Directions =
Take the line containing "Premier Inn Liverpool (Tarbock) Lobby" and all lines after it, through the end of the material, and repeat them exactly, pictures left out.

Given information =

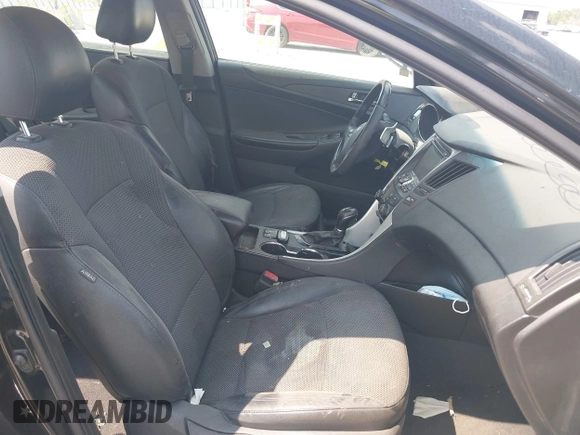 2013 Hyundai Sonata Limited with VIN 5NPEC4AC5DH618792, listed as a IAAI auction lot 39890812 with 115,557 mi miles and . Bid and sale history available at DreamBid. Image 5.
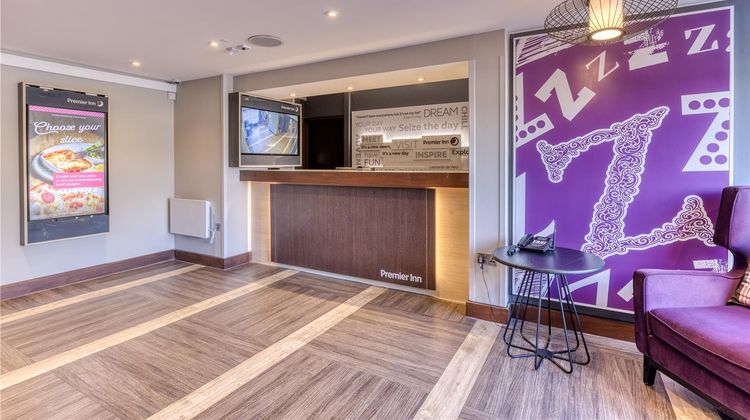 Premier Inn Liverpool (Tarbock) Lobby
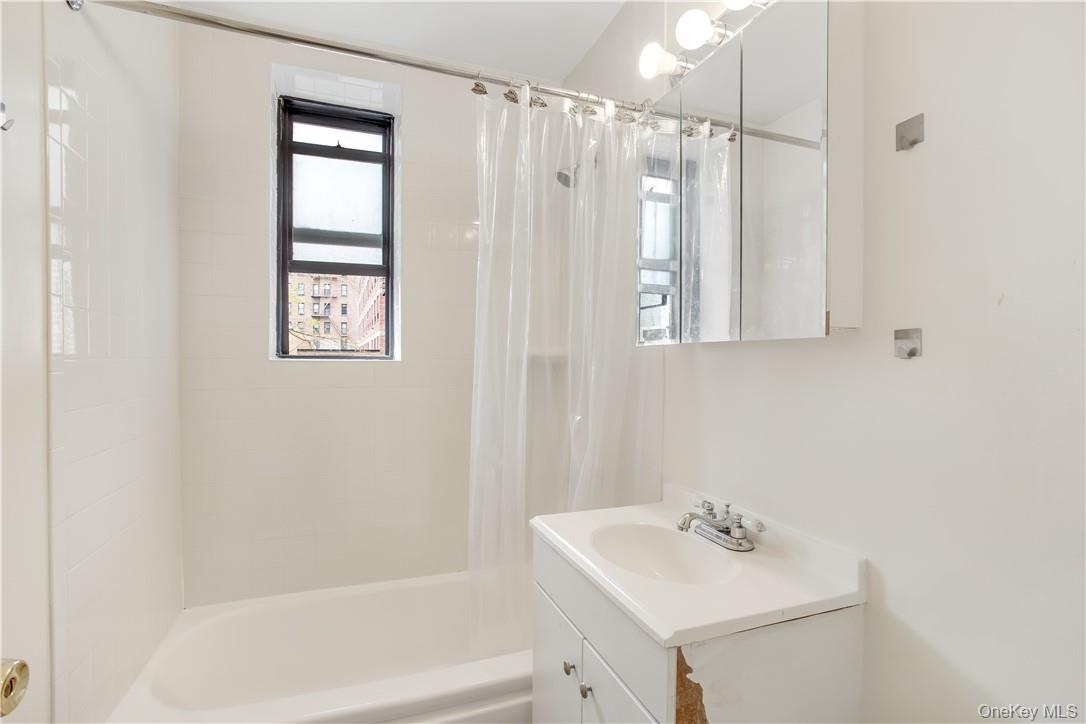 411 Bronx River Road, Unit 9A photo 11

Solution for this problem =
 Premier Inn Liverpool (Tarbock) Lobby
 411 Bronx River Road, Unit 9A photo 11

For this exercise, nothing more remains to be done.